Scraped caption text data
__________
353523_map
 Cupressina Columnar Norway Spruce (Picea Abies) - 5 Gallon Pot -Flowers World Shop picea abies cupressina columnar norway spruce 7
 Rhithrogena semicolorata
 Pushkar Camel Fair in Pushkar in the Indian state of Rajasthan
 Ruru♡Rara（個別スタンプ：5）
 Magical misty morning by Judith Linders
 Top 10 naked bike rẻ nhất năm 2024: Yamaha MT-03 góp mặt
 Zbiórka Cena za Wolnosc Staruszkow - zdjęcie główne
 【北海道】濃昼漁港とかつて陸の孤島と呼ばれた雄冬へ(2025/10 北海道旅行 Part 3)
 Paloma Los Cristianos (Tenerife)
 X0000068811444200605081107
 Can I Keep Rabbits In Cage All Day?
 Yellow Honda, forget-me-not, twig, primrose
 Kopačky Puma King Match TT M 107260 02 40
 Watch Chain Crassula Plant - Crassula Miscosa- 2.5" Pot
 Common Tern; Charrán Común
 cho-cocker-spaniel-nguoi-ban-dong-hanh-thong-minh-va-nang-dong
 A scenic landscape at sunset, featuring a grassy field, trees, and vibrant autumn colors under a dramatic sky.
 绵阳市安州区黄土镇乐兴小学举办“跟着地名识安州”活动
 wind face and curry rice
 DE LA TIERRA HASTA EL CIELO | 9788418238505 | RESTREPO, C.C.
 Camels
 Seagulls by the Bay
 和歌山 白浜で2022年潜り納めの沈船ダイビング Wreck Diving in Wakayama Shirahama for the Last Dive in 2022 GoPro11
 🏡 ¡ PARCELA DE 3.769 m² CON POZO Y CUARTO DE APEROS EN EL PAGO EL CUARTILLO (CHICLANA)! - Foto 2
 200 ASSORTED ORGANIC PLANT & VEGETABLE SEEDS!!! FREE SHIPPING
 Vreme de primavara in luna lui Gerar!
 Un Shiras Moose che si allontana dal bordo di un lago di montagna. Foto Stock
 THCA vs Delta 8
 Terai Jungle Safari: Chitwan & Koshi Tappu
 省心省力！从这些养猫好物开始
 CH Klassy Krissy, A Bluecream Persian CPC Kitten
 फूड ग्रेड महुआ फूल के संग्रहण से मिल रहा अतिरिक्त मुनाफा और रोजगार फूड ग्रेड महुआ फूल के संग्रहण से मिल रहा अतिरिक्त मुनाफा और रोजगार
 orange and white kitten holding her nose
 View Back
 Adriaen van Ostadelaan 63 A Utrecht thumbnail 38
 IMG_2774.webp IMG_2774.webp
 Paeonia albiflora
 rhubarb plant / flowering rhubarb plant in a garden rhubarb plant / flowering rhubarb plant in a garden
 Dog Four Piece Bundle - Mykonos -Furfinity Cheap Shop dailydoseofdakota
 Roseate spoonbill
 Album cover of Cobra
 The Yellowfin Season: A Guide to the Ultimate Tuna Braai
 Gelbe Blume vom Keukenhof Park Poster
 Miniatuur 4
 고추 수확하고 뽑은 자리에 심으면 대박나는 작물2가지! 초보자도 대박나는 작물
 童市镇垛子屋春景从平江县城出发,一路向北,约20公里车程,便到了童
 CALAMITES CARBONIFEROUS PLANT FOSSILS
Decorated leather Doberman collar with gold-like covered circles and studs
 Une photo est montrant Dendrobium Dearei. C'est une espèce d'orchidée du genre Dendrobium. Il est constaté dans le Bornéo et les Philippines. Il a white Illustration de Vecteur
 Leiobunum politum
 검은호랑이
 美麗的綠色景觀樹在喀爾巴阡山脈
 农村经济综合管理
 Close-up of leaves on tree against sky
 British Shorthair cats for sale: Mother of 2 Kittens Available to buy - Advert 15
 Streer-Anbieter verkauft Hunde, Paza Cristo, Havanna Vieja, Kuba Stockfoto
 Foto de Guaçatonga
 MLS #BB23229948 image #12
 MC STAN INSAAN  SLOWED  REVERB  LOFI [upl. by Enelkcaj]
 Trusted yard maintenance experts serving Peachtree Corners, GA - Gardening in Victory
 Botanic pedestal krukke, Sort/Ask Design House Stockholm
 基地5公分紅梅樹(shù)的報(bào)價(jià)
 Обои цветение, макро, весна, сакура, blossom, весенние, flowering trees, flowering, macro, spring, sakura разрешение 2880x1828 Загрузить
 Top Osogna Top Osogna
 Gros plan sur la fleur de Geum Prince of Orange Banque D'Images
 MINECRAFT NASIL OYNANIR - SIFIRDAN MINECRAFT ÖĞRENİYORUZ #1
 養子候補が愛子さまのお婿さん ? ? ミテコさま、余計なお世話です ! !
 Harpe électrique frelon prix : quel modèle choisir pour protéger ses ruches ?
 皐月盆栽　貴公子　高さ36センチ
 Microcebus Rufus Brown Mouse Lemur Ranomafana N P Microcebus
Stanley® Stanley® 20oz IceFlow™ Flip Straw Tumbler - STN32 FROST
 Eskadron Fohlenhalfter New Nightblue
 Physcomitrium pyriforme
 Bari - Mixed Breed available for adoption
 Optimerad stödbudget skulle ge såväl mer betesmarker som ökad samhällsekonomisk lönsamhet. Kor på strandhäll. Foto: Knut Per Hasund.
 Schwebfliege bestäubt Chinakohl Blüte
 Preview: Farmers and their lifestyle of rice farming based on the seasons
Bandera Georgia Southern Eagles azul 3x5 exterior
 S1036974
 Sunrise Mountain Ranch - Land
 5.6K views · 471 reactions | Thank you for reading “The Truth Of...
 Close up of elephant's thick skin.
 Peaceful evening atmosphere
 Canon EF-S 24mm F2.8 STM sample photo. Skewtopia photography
__________
**WHAT YOU NEED TO DO**
Filter the entries down to the lines containing "rice". Copy each of those lines.

**TASK SOLUTION**
 wind face and curry rice
 Preview: Farmers and their lifestyle of rice farming based on the seasons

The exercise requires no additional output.